"Can I see that for a sec?" he says, as he opens the USA Today sports section on the table to the box score of Game 7 of the NBA Eastern Conference Semifinals, between the Cavaliers and the Celtics. An ESPN ad on the opening page pairs halves of two opposing athletes’ faces—LeBron James’ and Kevin Garnett’s—above the tagline "Win or Go Home."

Who would you go with?

"LeBron?" he says, effecting a teenage shrug that connotes Kind of a no-brainer, huh?

And so it goes for a half-hour of questions, answers ranging from head nods to two-word demurrals to set speeches: "Just a man on the move," he’ll say when asked about specific 57-yard runs or tomahawk dunks. "Going 100 miles an hour, is all." They clearly convey one sentiment: Back off—I’m just a kid.

That’s the message he sent to wave after wave of Division I football and basketball coaches and their entourages, who were so thick at times they had to be sent packing so Pryor could actually get in a few classes. They kept coming even after Pryor announced he would be concentrating solely on football following his senior basketball season, ending speculation that he’d become the first person ever to be a first-round pick in both the NFL and the NBA.

As February 6, the NCAA National Signing Day (when high-school recruits commit to a college) approached, the caravan of recruiters followed Pryor from game to game—million-dollar-a-year coaches jostling with autograph hounds to get close to him. A week before Signing Day, Pryor ate cavatelli and meatballs in Jeannette with Penn State legend Joe Paterno, who broke his rule of no home-recruiting visits. Four nights later, Jim Tressel and Rich Rodriguez, head football coaches at Ohio State and Michigan respectively, considered the front-runners to land Pryor, were at Jeannette’s basketball game against East Allegheny with at least three assistants apiece.

Other suitors kept at it too. With two days to go, Jeannette’s principal, Stu Albaugh, had to inform a fourth marquee head coach that no, he couldn’t land his helicopter on school grounds. On the day before the big announcement, Pryor was forced to hang up on a particularly persistent coach because he was late for math. "It’s hard to be a kid," he said aloud, and a train of reporters transcribed the profundity.

When the day finally arrived, Pryor disappointed them all—coaches and media—telling the press filling the Jeannette High School gym that he hadn’t had "enough time to get involved in the recruiting process." He was going to decide in his own time. Then the shit really hit the fan.

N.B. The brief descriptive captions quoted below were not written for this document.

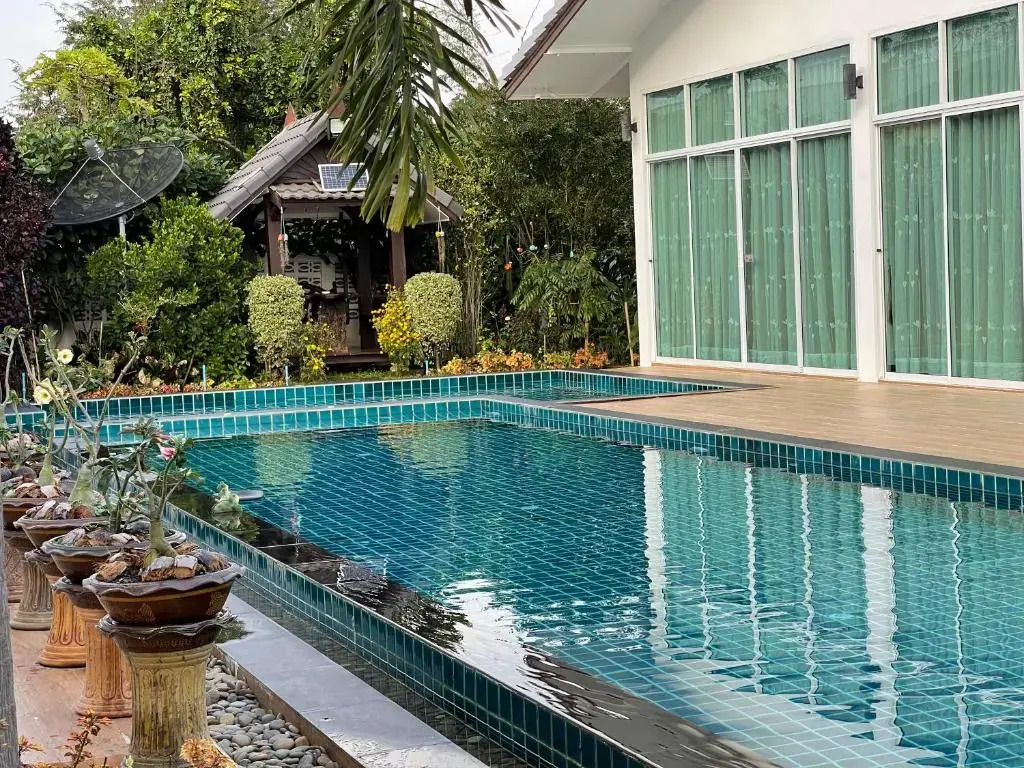 De.Flora Pool Villa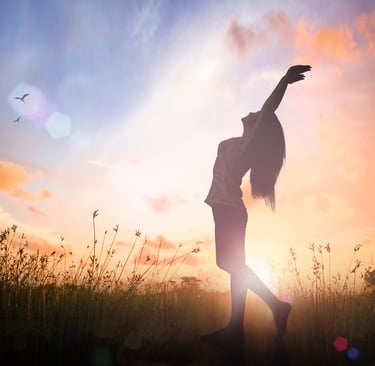 Personne qui se sent libéré, elle lève les bras aux ciel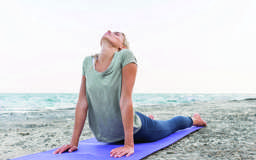 yoga-classique-KwJqXV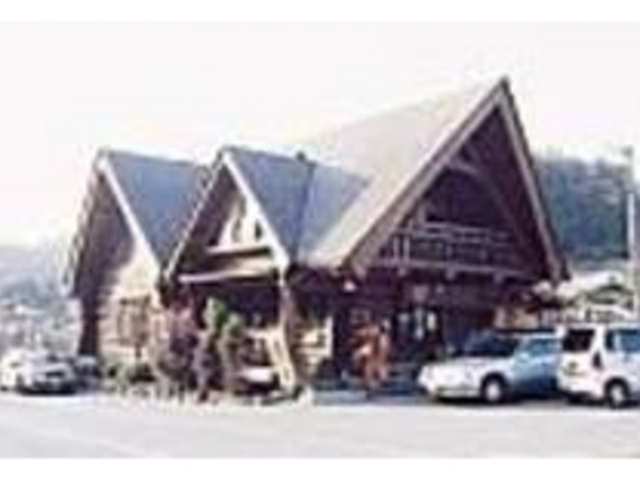 手造りのログハウス、店内の雰囲気もグッド_ログハウスレストラン木香里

From Florida to Oregon, in State College, Pennsylvania, and across the Midwest, distant relations of Pryor’s coaches and recruiters, reporters who’d wangled a sentence out of the shy teen, and friends and relatives were buttonholed by strangers at Laundromats and tollbooths. Some got late-night calls offering cash in exchange for leads on which school he’d choose. Jeannette’s quarterback coach, Roy Hall, was meeting with Duke head coach David Cutcliffe (who coached both Peyton and Eli Manning in college) when the visiting coach’s cell phone rang. "That was Archie Manning," he told Hall. "He just asked, ‘Did you get him? Did you?’" And on it went for six weeks after his non-announcement, until March 19, when he uttered the words "Ohio State" to two dozen TV cameras in the school auditorium.